仕事をバックレました
人生は初体験に満ちている。今週私は初めて仕事をバックレた。
「なんだ初めてか。まだまだだな。ガハハ!」と言う人が居るかも知れない(居て欲しい)
先日、最低賃金の上昇に伴い全ての時給が上がった事を喜んだばかりであるが、お局さんとの関係が急激に悪化したため、私の貢献意欲が遂にゼロと成ってしまった。4年以上掛けてじわじわと悪化し続けて居たが、ここ1年くらいの悪化ぶりは凄まじかった。原因は分からない。私と彼女のソリは絶望的に合わなかった。初日で価値観が合わない事を理解した程である
辞めたバイトは収入のメインにしていた物で、残りのバイトは2つとも不定期バイトである。よって今週からちょっとした無職状態に成った。こんな時、子供部屋おじさんは少し余裕を持っているのが強みだ。私には理解ある父と母が居るのだ。彼らは何も聞かないし、もし聞かれても事情をちらと話せば「お前が怒るなんて、よっぽどムカつくババアだったんだろうなぁ」と、きっと気持ちを汲んでくれるだろう
私には至らない点が沢山有った。
高機能な頭脳を持っていない私は、とにかく沢山走り、とにかく手を動かし、気を回したり周囲を手伝ったり、清掃や整頓に努めまくるしか無かった。とにかく動いて動いて動きまくるのだ。
ハッキリ言おう、こういった態度を責める男性はそうそう居ない。ガムシャラに動き回る男を男性陣は肯定的に見てくれる。
だがお局さんには通用しなかった
私はそこそこ貢献意欲の有る男だと自負している。この点は少し誇りにも思っている。共同体意識とか仲間意識とかを持っている。しかし職場では口下手なので行動で示しがちだ。
お局さんは言葉で示して欲しかったのだろう、と予想している。まあ今と成ってはもう関係ない
外国人実習生もある日、「アノばばあクソうざいね」と言っていたので私以外も割と困っていたのかも知れない。彼女は業務内容に対して常に完璧である事を私に望んでいたと思う。実習生達も同様に望まれていたのだろう。

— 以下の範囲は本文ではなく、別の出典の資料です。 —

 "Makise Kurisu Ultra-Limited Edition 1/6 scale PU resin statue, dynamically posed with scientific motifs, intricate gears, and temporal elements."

だが他人の思い描く完璧な業務手順を、こちらが脳内にトレースして完璧にアウトプットする事はとても難しい。彼女の思い描く100点は、私にとっては130点に等しいハードルだ。このハードルを思い切り下回ってしまう日が、遂にやって来たのだ
彼女は今まで毎日怒っていたものの、今までは大声の愚痴が飛んでくるに過ぎなかった。だが遂に目の前でハッキリと憤怒の言葉を私に投げ入れた。大声の愚痴と憤怒に依る直接の言葉は文法がまるで違う。遂に一線を越えた、と私に知らしめた(過去に何回かは有ったと思うけれど、少しボルテージが低かった)
ペルーから来た派遣労働者と彼女が思い切り衝突した時も、そんな感じの物言いで相手を泣かせていたな、と記憶している。そのペルー人は間もなく契約解除された。ただ衝突は契約解除に関係ないと思う
お局さんも派遣社員である。契約解除されたペルー人を見て「次は私かも知れない」と泣き始めたのには驚いた。凄く不思議な光景を見た気がする
彼女が私達の前で泣くのは2度目だった。1度目は「母が亡くなって…コロナで面会謝絶で…」という、それなりに納得出来る事情だ
私は知りたい。
私とお局さんの間に出来上がった、日々の積み重ねが生んだと思しきこの亀裂は、私の能力不足が主要因なのか、それとも彼女の要求が青天井過ぎたのだろうか。まあ両方なのだろうけど。
世間はどちらかと言えば彼女を評価すると思う。会話量が多く、思った事は全て口に出し、周囲への要求や業務命令をためらわない。いわゆる仕事出来る人だ
しかしどうも一緒に働いていると、彼女が仕事出来る人扱いなのは首を傾げてしまう。
もちろん彼女を安易に、繊細さんだとかテイカーだとか、一方的な要求をして利益を引き出すフリーライダーだとは思わない。だが、何か近しい物を感じる
もし叶うなら、誰かを私の替わりに4年くらい彼女と働かせて、是非とも感想を伺いたいものだ。皆はどう感じるのだろう?とても気になる
仕事をバックレるのは初めてだが、10代の頃は色々とバックレていた。
移動教室や宿題全般、ラグビー部の応援観戦、特別授業やイベント、朝礼とか全校集会、そして専門学校を丸々バックレている。何だか懐かしい気持ちに成った。
よく夏休みの宿題をギリギリまでやらない、という例えが用いられるけれど、私は1つも手を付けずに2学期を終える男だった。
振り返ってみればどれもこれも、人生には別段必要の無い、価値が薄い物ばかりである。